• _Work instructions_: Pictures are to be left out; every line from the one that holds "bathroom featuring walk" to the end of the data is to be retyped exactly.

━━ Input material ━━

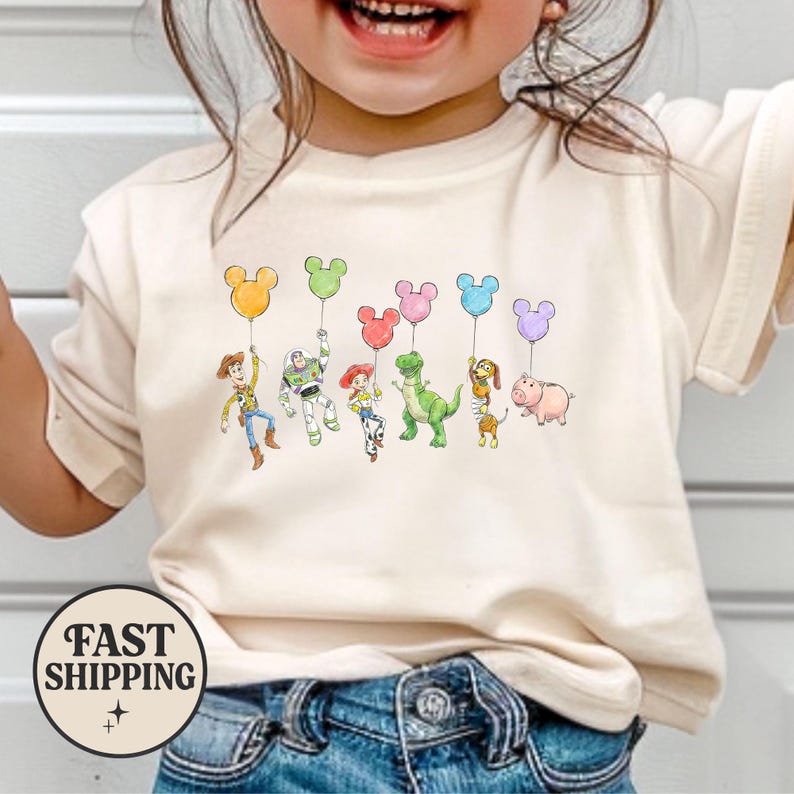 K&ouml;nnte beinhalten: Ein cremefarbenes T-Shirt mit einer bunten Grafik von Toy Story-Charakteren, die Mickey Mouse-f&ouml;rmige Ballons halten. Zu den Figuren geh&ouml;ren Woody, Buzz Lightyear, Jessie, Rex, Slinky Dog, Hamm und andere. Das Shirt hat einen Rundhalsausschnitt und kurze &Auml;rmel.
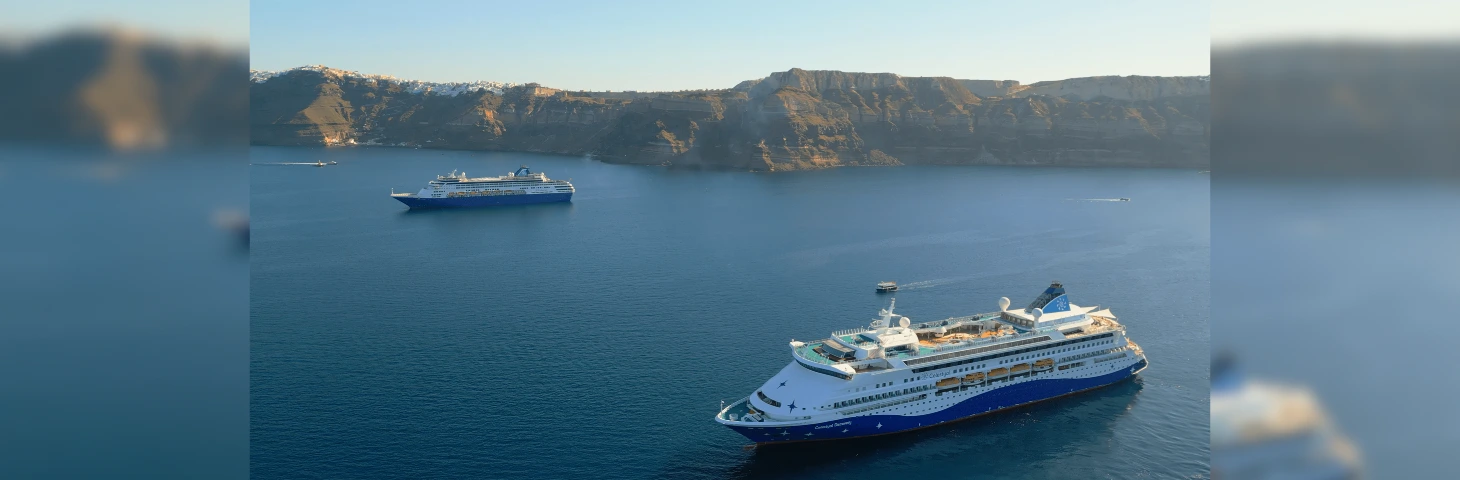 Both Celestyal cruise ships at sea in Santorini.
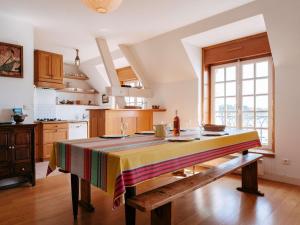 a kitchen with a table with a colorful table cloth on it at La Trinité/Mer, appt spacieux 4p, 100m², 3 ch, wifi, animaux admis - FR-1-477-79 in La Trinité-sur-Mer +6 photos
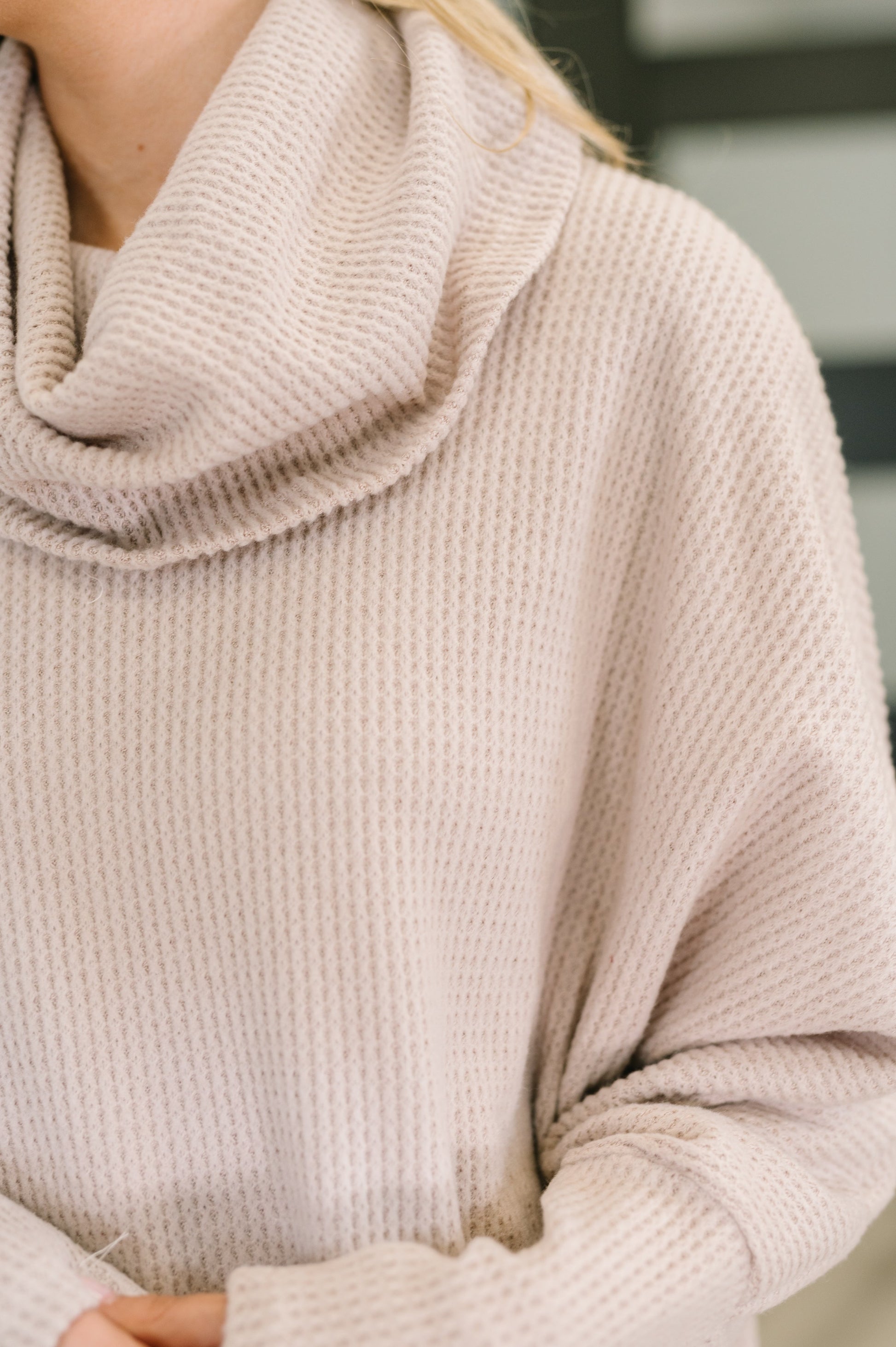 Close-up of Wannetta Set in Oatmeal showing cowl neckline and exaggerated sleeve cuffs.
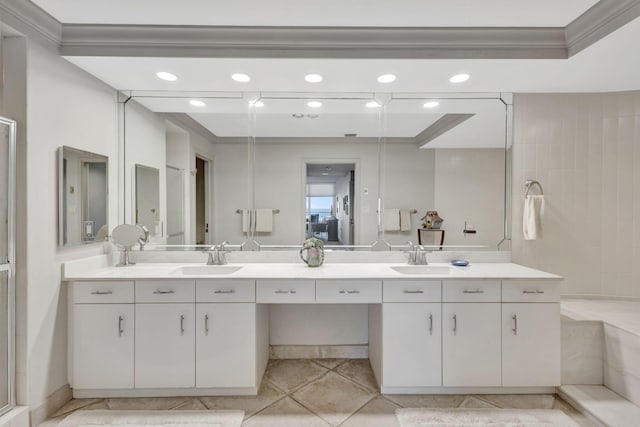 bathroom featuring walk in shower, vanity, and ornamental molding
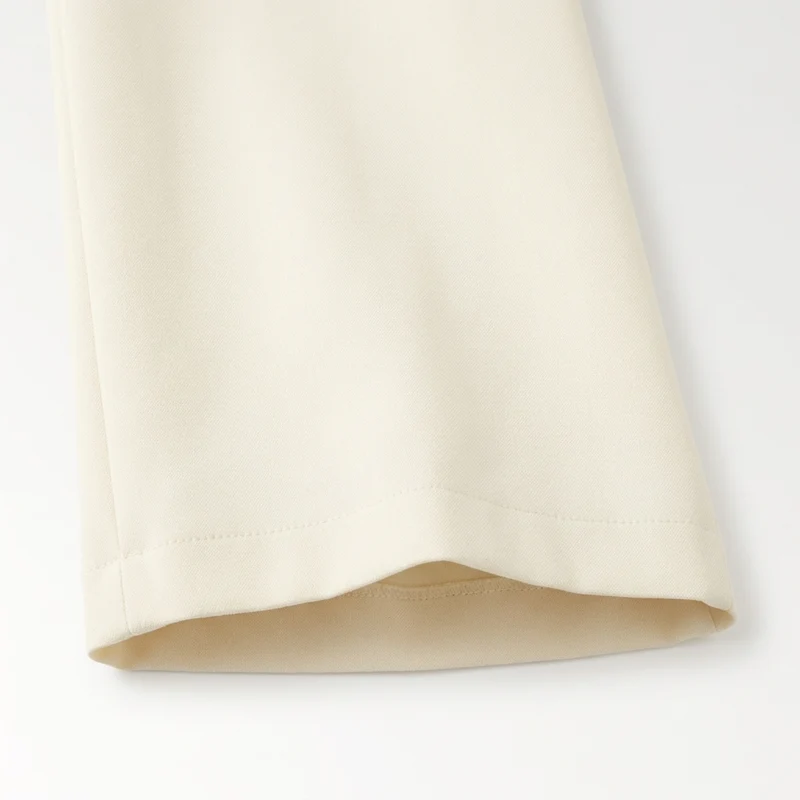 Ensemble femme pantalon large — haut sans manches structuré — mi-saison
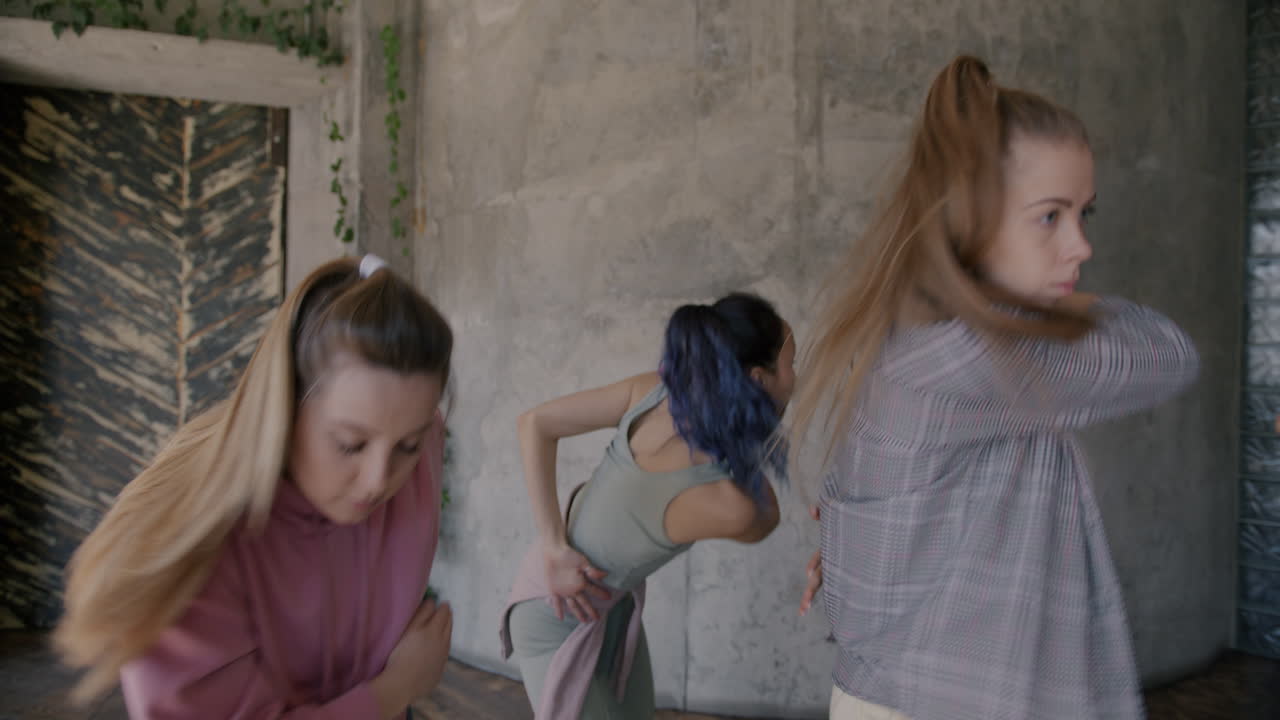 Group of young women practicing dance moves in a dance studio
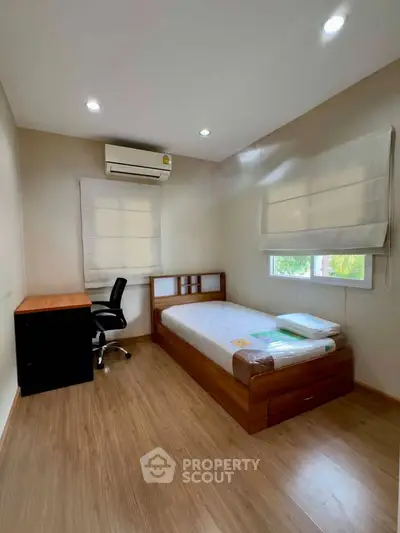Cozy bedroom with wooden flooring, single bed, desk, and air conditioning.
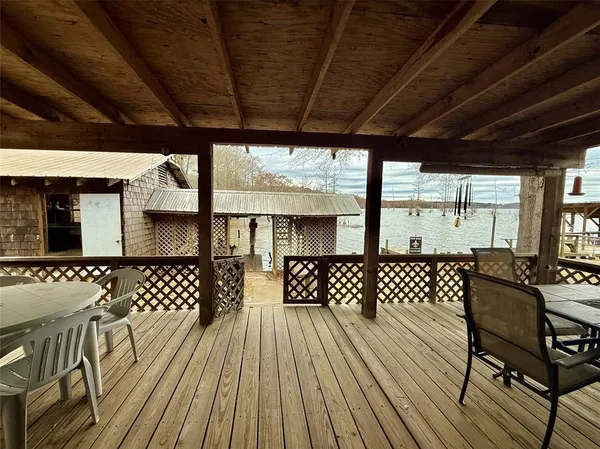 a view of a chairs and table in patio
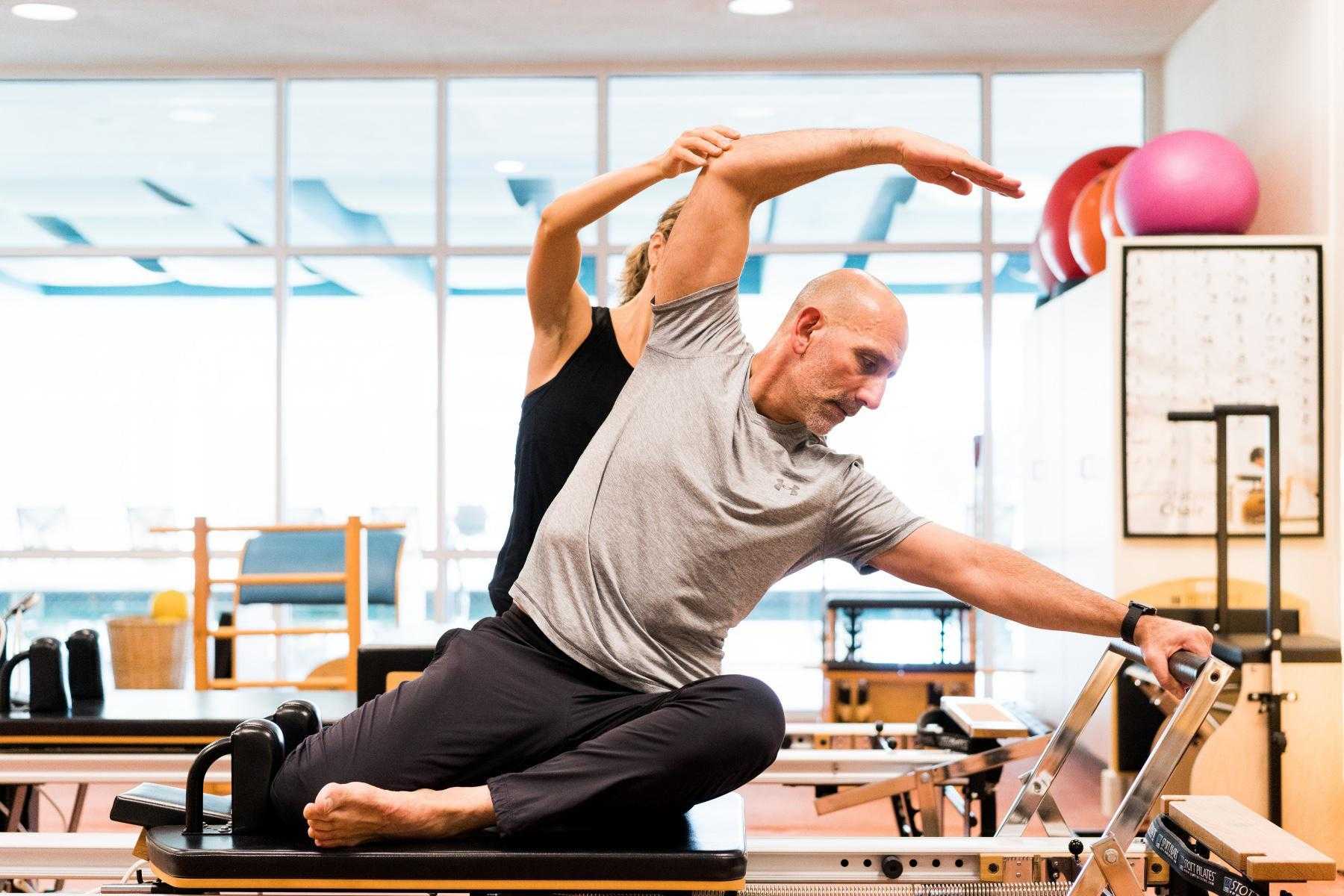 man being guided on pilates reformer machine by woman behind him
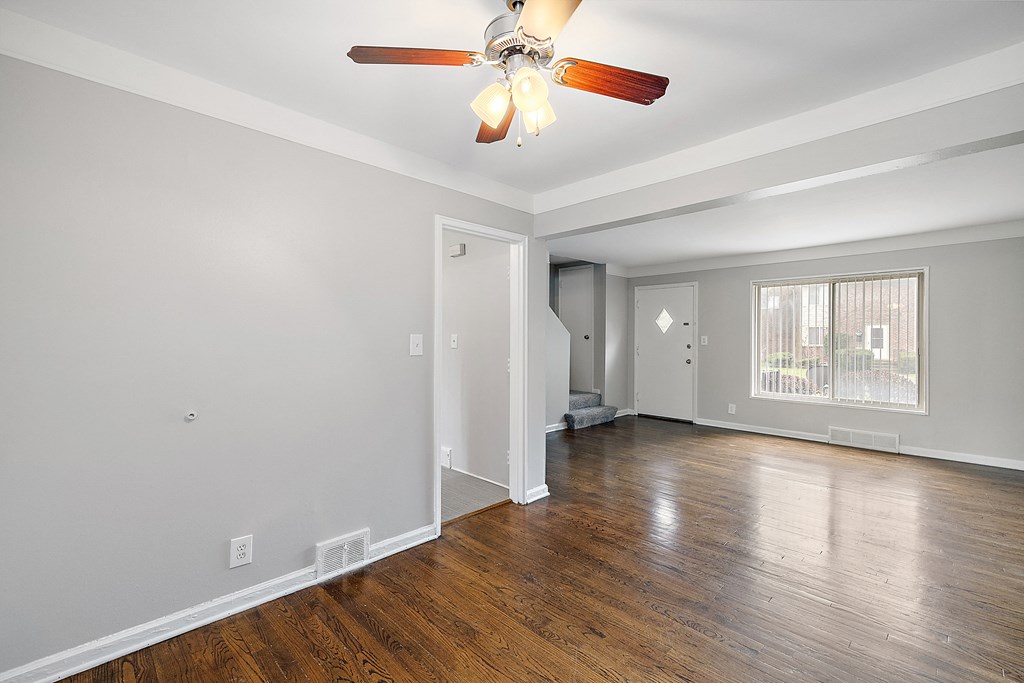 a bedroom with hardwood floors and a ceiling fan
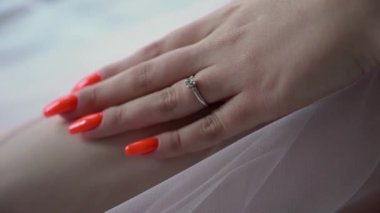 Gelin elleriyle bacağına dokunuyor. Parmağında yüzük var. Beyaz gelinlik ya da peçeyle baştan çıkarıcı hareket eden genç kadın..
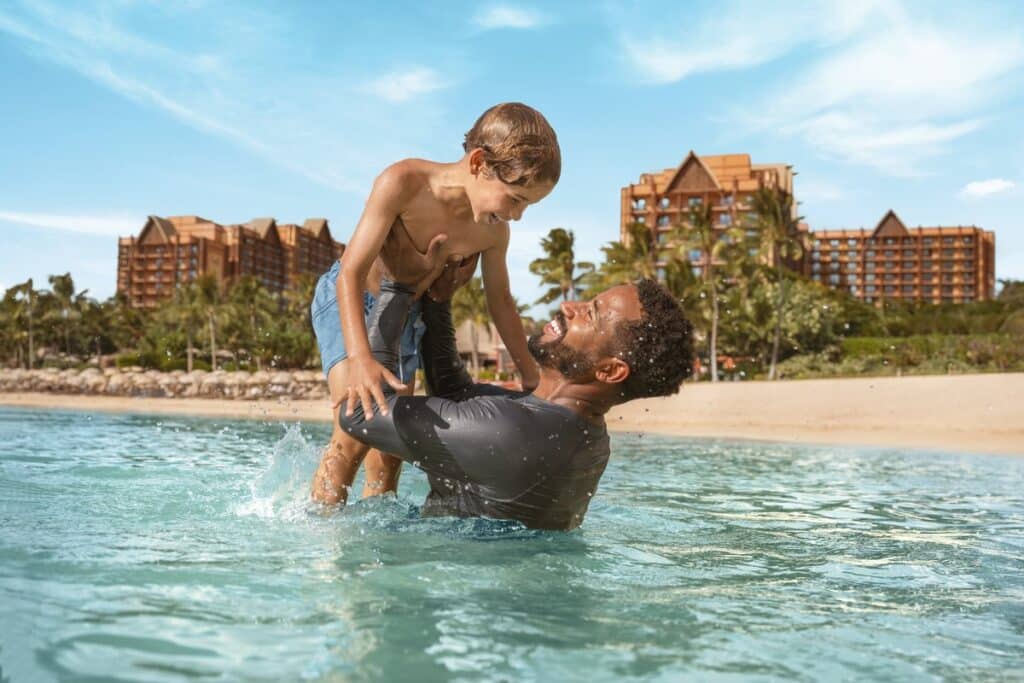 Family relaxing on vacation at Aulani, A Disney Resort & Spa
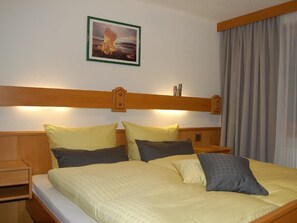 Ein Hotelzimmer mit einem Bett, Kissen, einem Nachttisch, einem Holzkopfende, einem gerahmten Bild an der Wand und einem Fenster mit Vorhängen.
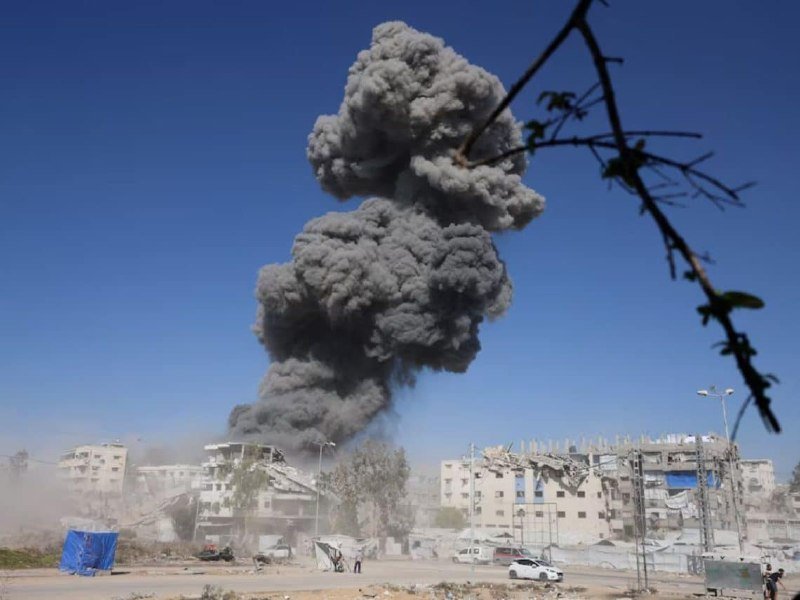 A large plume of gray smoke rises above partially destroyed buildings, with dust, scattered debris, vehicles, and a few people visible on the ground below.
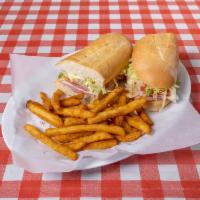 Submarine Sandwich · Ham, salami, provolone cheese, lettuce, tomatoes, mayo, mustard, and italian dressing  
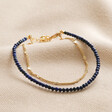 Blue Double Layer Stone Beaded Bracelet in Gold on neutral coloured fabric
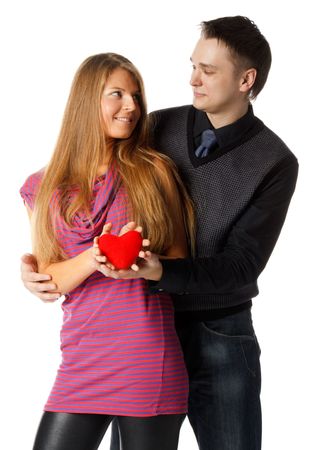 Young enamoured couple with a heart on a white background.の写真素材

━━━

• _Reply to the exercise_:
 bathroom featuring walk in shower, vanity, and ornamental molding
 Ensemble femme pantalon large — haut sans manches structuré — mi-saison
 Group of young women practicing dance moves in a dance studio
Cozy bedroom with wooden flooring, single bed, desk, and air conditioning.
 a view of a chairs and table in patio
 man being guided on pilates reformer machine by woman behind him
 a bedroom with hardwood floors and a ceiling fan
 Gelin elleriyle bacağına dokunuyor. Parmağında yüzük var. Beyaz gelinlik ya da peçeyle baştan çıkarıcı hareket eden genç kadın..
 Family relaxing on vacation at Aulani, A Disney Resort & Spa
 Ein Hotelzimmer mit einem Bett, Kissen, einem Nachttisch, einem Holzkopfende, einem gerahmten Bild an der Wand und einem Fenster mit Vorhängen.
 A large plume of gray smoke rises above partially destroyed buildings, with dust, scattered debris, vehicles, and a few people visible on the ground below.
 Submarine Sandwich · Ham, salami, provolone cheese, lettuce, tomatoes, mayo, mustard, and italian dressing  
 Blue Double Layer Stone Beaded Bracelet in Gold on neutral coloured fabric
 Young enamoured couple with a heart on a white background.の写真素材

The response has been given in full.